From mboxrd@z Thu Jan  1 00:00:00 1970
Return-Path: <linux-kernel-owner@vger.kernel.org>
Received: (majordomo@vger.kernel.org) by vger.kernel.org via listexpand
	id S1753271Ab0HQHhf (ORCPT <rfc822;w@1wt.eu>);
	Tue, 17 Aug 2010 03:37:35 -0400
Received: from bld-mail16.adl2.internode.on.net ([150.101.137.101]:44278 "EHLO
	mail.internode.on.net" rhost-flags-OK-OK-OK-FAIL) by vger.kernel.org
	with ESMTP id S1751025Ab0HQHhe (ORCPT
	<rfc822;linux-kernel@vger.kernel.org>);
	Tue, 17 Aug 2010 03:37:34 -0400
Date: Tue, 17 Aug 2010 17:37:25 +1000
From: Dave Chinner <david@fromorbit.com>
To: linux-kernel@vger.kernel.org
Cc: Steven Rostedt <rostedt@goodmis.org>
Subject: [tracing, hang] dumping events gets stuck in synchronise_sched
Message-ID: <20100817073725.GO10429@dastard>
MIME-Version: 1.0
Content-Type: text/plain; charset=us-ascii
Content-Disposition: inline
User-Agent: Mutt/1.5.20 (2009-06-14)
Sender: linux-kernel-owner@vger.kernel.org
List-ID: <linux-kernel.vger.kernel.org>
X-Mailing-List: linux-kernel@vger.kernel.org

Tracing folks,

I've got a machine stuck with a cpu spinning in a tight loop (the
new writeback/sync livelock avoidance code is, well, livelocking),
and I was trying to find out what triggered by using the writeback
trace events.
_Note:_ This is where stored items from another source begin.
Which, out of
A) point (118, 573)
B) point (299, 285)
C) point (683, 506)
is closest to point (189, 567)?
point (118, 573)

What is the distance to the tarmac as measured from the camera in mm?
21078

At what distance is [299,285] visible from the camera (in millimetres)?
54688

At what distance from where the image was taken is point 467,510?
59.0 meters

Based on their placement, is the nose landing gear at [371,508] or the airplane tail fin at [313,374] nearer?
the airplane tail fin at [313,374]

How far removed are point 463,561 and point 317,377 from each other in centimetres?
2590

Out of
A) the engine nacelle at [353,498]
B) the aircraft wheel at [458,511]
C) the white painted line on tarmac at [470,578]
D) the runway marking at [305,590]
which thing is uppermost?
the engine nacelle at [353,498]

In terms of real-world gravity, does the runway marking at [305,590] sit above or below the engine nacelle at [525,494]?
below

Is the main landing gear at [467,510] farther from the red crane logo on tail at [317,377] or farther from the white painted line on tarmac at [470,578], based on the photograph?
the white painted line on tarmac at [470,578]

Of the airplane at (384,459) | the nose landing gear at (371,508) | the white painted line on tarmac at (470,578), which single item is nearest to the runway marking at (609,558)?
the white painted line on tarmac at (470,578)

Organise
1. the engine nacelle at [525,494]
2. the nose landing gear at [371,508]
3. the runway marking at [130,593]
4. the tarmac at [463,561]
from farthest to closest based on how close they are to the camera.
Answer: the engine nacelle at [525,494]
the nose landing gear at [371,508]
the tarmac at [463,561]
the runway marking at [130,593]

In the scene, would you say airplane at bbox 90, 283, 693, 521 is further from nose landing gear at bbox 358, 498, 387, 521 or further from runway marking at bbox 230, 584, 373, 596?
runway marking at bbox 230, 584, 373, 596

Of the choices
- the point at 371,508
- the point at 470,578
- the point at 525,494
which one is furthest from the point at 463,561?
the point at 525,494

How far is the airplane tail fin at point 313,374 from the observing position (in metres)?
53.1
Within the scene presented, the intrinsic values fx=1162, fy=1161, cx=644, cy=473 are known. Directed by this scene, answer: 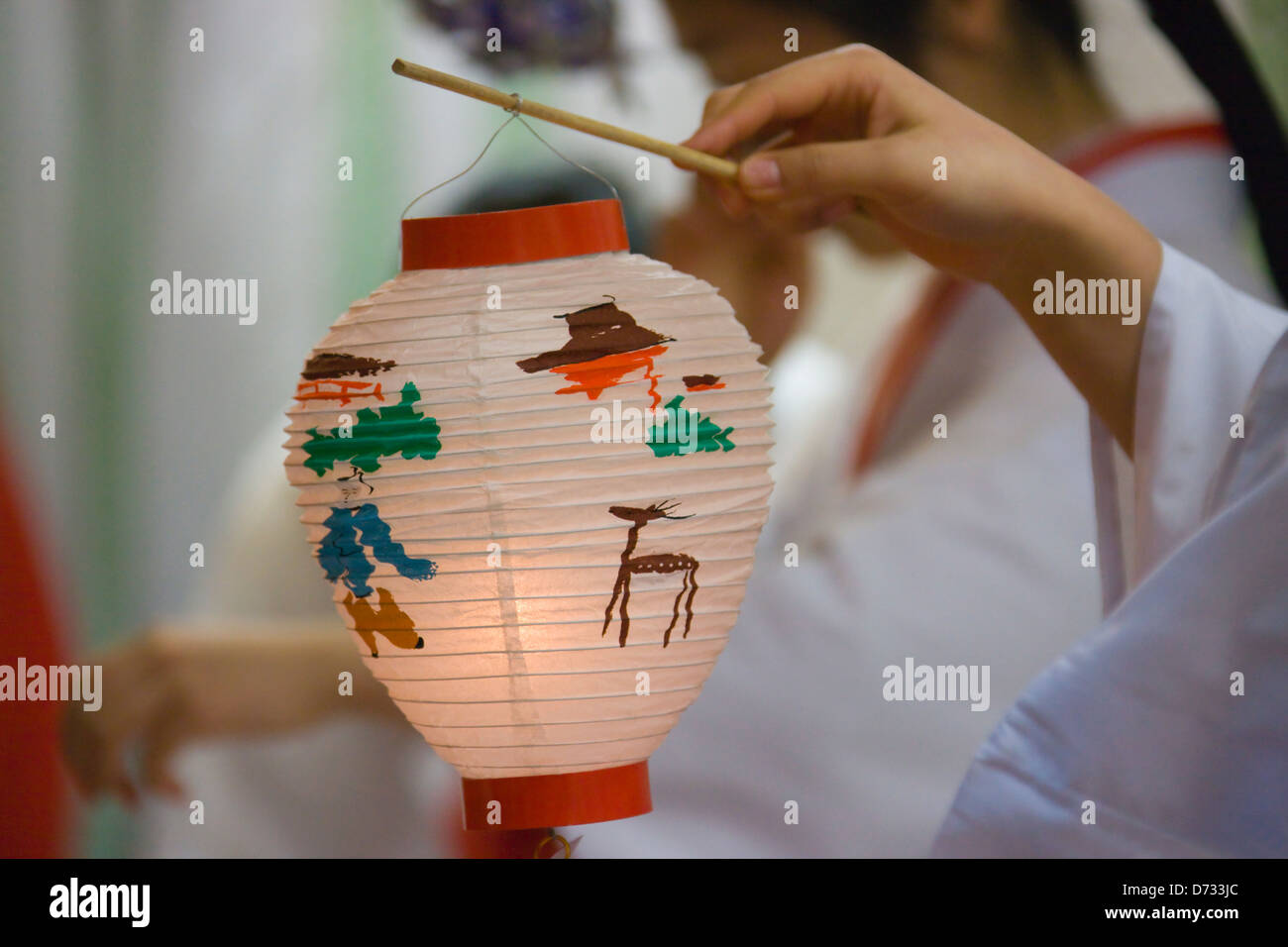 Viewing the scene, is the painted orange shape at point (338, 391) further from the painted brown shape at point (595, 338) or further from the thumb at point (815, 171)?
the thumb at point (815, 171)

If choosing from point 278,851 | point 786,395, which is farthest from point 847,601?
point 278,851

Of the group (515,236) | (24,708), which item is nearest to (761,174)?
(515,236)

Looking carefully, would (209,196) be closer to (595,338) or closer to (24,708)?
(24,708)

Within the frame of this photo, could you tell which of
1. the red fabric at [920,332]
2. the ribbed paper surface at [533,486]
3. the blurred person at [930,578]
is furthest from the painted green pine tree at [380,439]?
the red fabric at [920,332]

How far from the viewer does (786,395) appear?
1622 mm

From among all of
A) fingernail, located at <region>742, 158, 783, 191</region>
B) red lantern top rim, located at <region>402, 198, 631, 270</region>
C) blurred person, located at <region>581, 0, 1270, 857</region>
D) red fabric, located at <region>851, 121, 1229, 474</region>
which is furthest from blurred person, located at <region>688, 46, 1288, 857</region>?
red fabric, located at <region>851, 121, 1229, 474</region>

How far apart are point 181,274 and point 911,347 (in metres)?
0.87

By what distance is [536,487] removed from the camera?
50cm

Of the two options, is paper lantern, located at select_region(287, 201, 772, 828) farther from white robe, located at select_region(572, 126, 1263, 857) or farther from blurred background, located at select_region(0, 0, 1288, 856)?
blurred background, located at select_region(0, 0, 1288, 856)
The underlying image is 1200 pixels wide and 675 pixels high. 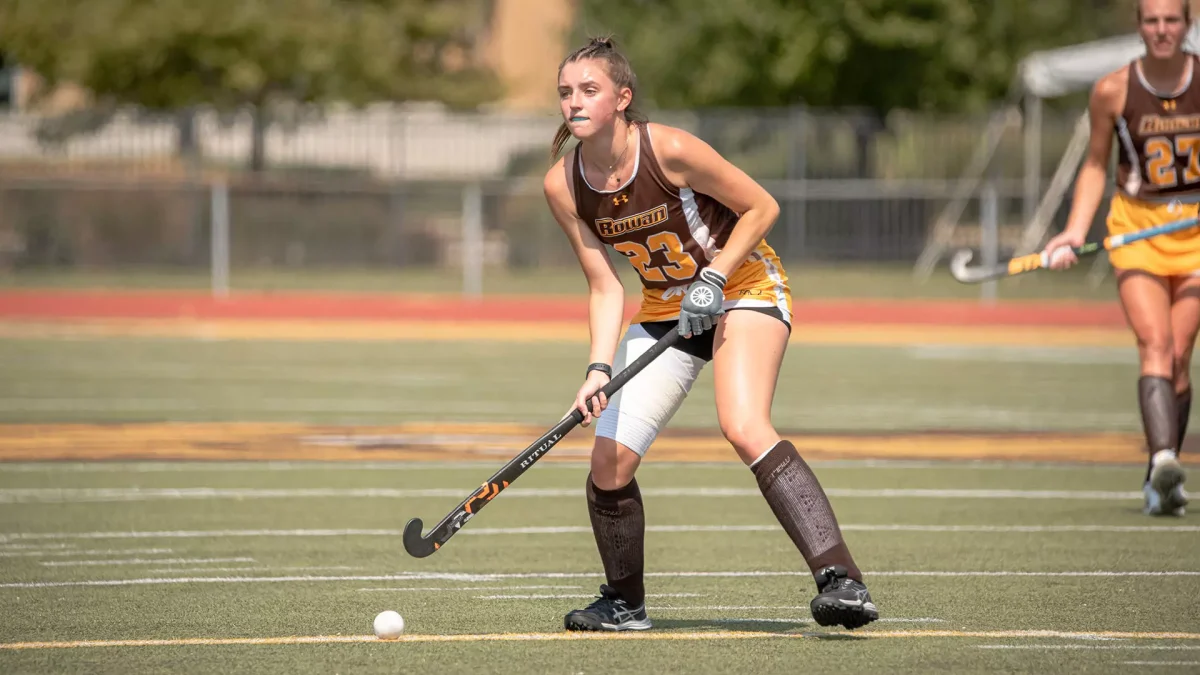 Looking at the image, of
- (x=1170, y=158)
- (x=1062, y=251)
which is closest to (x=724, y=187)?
(x=1062, y=251)

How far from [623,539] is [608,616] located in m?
0.27

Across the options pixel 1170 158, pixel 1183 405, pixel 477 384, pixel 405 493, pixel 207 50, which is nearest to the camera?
pixel 1170 158

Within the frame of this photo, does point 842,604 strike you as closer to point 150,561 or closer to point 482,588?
point 482,588

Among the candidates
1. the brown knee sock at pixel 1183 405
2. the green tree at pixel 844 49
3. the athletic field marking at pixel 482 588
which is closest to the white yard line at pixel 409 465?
the brown knee sock at pixel 1183 405

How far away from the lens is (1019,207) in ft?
98.1

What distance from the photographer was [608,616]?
650cm

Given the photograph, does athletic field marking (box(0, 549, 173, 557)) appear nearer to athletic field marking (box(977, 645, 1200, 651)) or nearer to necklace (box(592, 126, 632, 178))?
necklace (box(592, 126, 632, 178))

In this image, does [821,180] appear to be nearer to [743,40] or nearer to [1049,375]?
[743,40]

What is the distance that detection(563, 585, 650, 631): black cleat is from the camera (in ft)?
21.2

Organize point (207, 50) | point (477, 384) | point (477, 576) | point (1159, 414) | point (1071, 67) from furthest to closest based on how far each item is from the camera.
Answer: point (207, 50), point (1071, 67), point (477, 384), point (1159, 414), point (477, 576)

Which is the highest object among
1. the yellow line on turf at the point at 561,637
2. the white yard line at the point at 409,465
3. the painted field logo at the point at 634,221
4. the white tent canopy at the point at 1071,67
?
the white tent canopy at the point at 1071,67

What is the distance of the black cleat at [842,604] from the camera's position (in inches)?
235

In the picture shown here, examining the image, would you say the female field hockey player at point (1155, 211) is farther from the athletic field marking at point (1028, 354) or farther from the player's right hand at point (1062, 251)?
the athletic field marking at point (1028, 354)

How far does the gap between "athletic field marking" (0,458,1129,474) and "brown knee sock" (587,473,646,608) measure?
437 cm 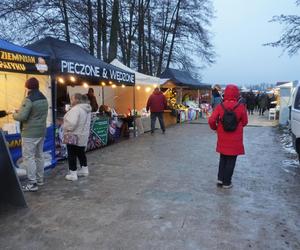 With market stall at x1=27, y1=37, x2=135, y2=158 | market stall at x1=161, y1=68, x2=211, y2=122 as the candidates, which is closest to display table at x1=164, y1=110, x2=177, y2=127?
market stall at x1=161, y1=68, x2=211, y2=122

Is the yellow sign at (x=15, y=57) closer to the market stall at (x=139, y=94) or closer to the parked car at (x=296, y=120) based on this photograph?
the parked car at (x=296, y=120)

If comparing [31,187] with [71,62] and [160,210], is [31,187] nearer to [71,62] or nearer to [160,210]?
[160,210]

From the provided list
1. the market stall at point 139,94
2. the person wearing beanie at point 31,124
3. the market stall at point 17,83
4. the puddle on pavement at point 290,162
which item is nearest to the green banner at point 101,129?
the market stall at point 17,83

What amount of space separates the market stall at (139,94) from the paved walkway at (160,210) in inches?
241

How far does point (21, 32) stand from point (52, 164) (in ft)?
40.7

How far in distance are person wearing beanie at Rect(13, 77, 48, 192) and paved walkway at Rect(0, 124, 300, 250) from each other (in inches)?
15.8

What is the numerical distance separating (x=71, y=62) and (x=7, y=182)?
3.70 meters

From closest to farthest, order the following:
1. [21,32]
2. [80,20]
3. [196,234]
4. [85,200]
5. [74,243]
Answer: [74,243] < [196,234] < [85,200] < [21,32] < [80,20]

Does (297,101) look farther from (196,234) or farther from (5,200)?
(5,200)

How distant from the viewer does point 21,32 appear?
17297mm

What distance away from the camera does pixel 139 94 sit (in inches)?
632

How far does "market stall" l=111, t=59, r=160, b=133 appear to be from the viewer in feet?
45.1

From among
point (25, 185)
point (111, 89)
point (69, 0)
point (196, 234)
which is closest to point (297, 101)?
point (196, 234)

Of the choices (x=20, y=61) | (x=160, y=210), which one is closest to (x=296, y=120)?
(x=160, y=210) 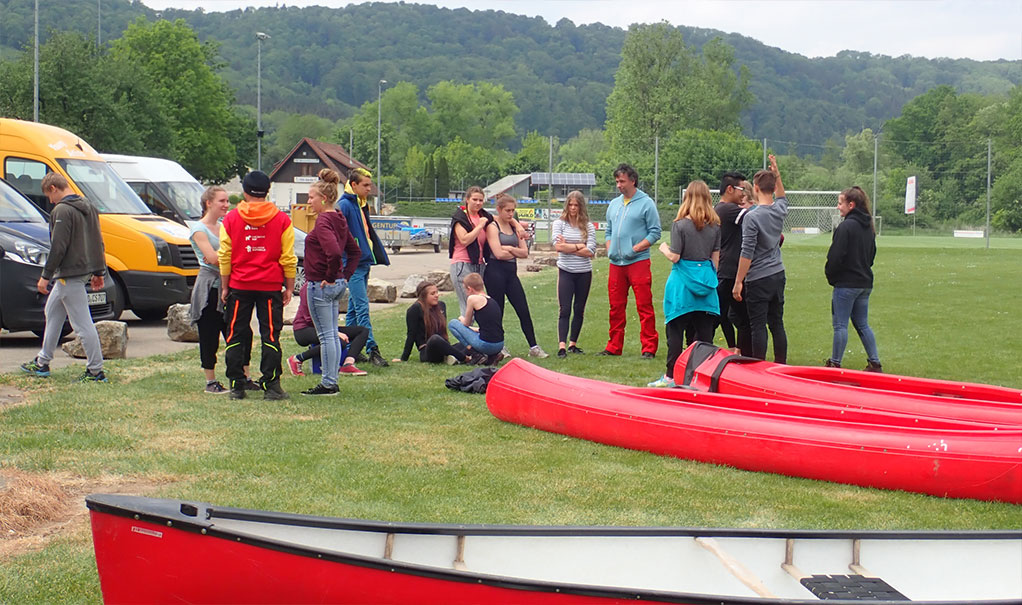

Unfortunately, I can't dump the trace events because
it gets stuck here:

[  263.744094] cat           D 0000000000000000     0  3031   3001 0x00000000
[  263.744094]  ffff880117917af8 0000000000000082 0000000000000292 0000000000000010
[  263.744094]  ffff880100000000 0000000000013580 ffff88011f0d87f0 0000000000013580
[  263.744094]  ffff88011f0d8b58 ffff880117917fd8 ffff88011f0d8b60 ffff880117917fd8
[  263.744094] Call Trace:
[  263.744094]  [<ffffffff818019c5>] schedule_timeout+0x1d5/0x2a0
[  263.744094]  [<ffffffff813fc2d4>] ? do_raw_spin_lock+0x54/0x160
[  263.744094]  [<ffffffff813fc2d4>] ? do_raw_spin_lock+0x54/0x160
[  263.744094]  [<ffffffff818015ff>] wait_for_common+0xcf/0x170
[  263.744094]  [<ffffffff81078b40>] ? default_wake_function+0x0/0x20
[  263.744094]  [<ffffffff8180177d>] wait_for_completion+0x1d/0x20
[  263.744094]  [<ffffffff810d8045>] synchronize_sched+0x55/0x60
[  263.744094]  [<ffffffff8109afb0>] ? wakeme_after_rcu+0x0/0x20
[  263.744094]  [<ffffffff810e0a09>] ring_buffer_read_prepare_sync+0x9/0x10
[  263.744094]  [<ffffffff810e7efc>] tracing_open+0x2bc/0x470
[  263.744094]  [<ffffffff810e7c40>] ? tracing_open+0x0/0x470
[  263.744094]  [<ffffffff81143fed>] __dentry_open+0xed/0x340
[  263.744094]  [<ffffffff813c32af>] ? security_inode_permission+0x1f/0x30
[  263.744094]  [<ffffffff81144354>] nameidata_to_filp+0x54/0x70
[  263.744094]  [<ffffffff81151688>] do_last+0x368/0x5d0
[  263.744094]  [<ffffffff81153ae5>] do_filp_open+0x205/0x5e0
[  263.744094]  [<ffffffff813fc22e>] ? do_raw_spin_unlock+0x5e/0xb0
[  263.744094]  [<ffffffff8115eaaa>] ? alloc_fd+0xfa/0x140
[  263.744094]  [<ffffffff81143dc5>] do_sys_open+0x65/0x130
[  263.744094]  [<ffffffff81143ed0>] sys_open+0x20/0x30
[  263.744094]  [<ffffffff81036032>] system_call_fastpath+0x16/0x1b

If a CPU does not yield, then synchronize_sched() will never complete
and hence I can't get to whatever events that might lead me to the
cause of the hung CPU. A bit of a Catch-22, really.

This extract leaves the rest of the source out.